Conductive composite hydrogels as artificial skin-like materials are receiving much attention because they hold great potential applications in personalized healthcare. However, to design and prepare a versatile material simultaneously possessing such multi-functions still remains a challenge. Herein, a robust, self-healing and self-adhesive conductive hydrogel was fabricated via forming dynamic coordination bonds between tannic acid-decorated cellulose nanocrystals (TA@CNC), partially reduced graphene oxide (pRGO) nanosheets and polyvinyl alcohol (PVA) network. The catechol groups from tannic acid imparts the hydrogel with self-adhesive capability to various substrates. Besides, the mechanical strength and electrical conductivity of the hydrogels was well balanced by incorporation of pRGO component, endowing the hydrogel with robustness and good electrical conductivity as well as decent strain-sensitivity. Benefiting from all these advantages, the conductive nanocomposite hydrogel could be used as flexible strain sensors monitoring both large (e.g., joints bending) and subtle (e.g., voice detection) human motion, in real-time. The currently reported hydrogel design gives a new perspective for the preparation of high-performance cellulose-based hydrogels that hold great potential for practical applications in wearable electronic sensors and healthcare monitoring.

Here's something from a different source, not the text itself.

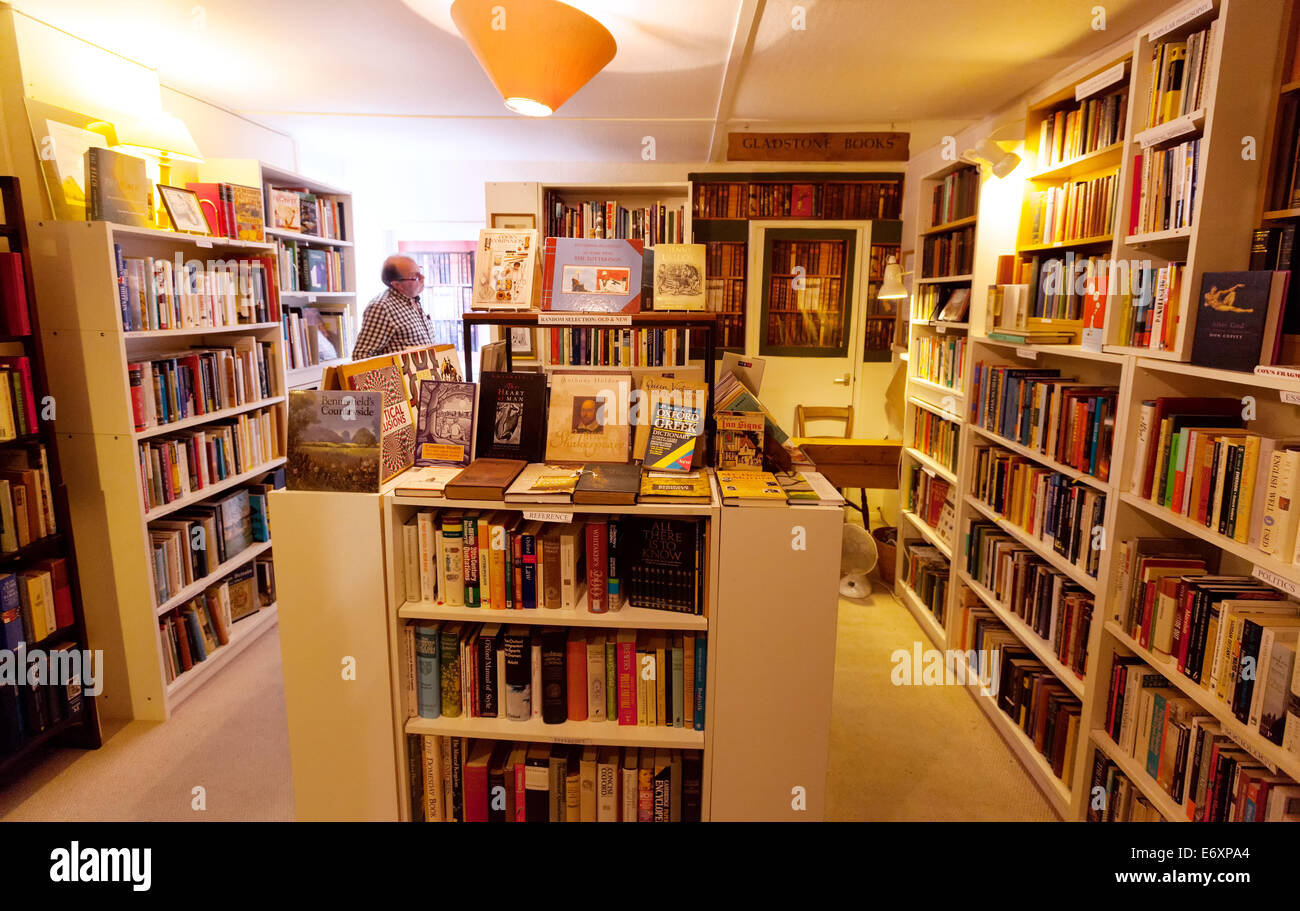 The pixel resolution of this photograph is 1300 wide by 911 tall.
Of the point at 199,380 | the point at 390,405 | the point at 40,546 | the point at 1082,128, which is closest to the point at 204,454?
the point at 199,380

导电复合水凝胶作为人造皮肤状材料受到广泛关注，因为它们在个性化医疗保健中具有巨大的潜在应用。然而，设计和制备同时具有这种多功能的通用材料仍然是一个挑战。本文中，通过在单宁酸修饰的纤维素纳米晶体（TA @ CNC），部分还原的氧化石墨烯（pRGO）纳米片和聚乙烯醇（PVA）网络之间形成动态配位键，制造了一种坚固，自愈和自粘的导电水凝胶。单宁酸中的邻苯二酚基团使水凝胶具有对各种底物的自粘能力。此外，通过掺入pRGO组分，水凝胶的机械强度和电导率得到了很好的平衡，使水凝胶具有坚固性，良好的导电性以及良好的应变敏感性。受益于所有这些优点，导电纳米复合水凝胶可以用作柔性应变传感器，实时监测大型（例如，关节弯曲）和微妙（例如，声音检测）人体运动。当前报道的水凝胶设计为高性能纤维素基水凝胶的制备提供了新的视角，该高性能水凝胶在可穿戴电子传感器和医疗保健监测的实际应用中具有巨大潜力。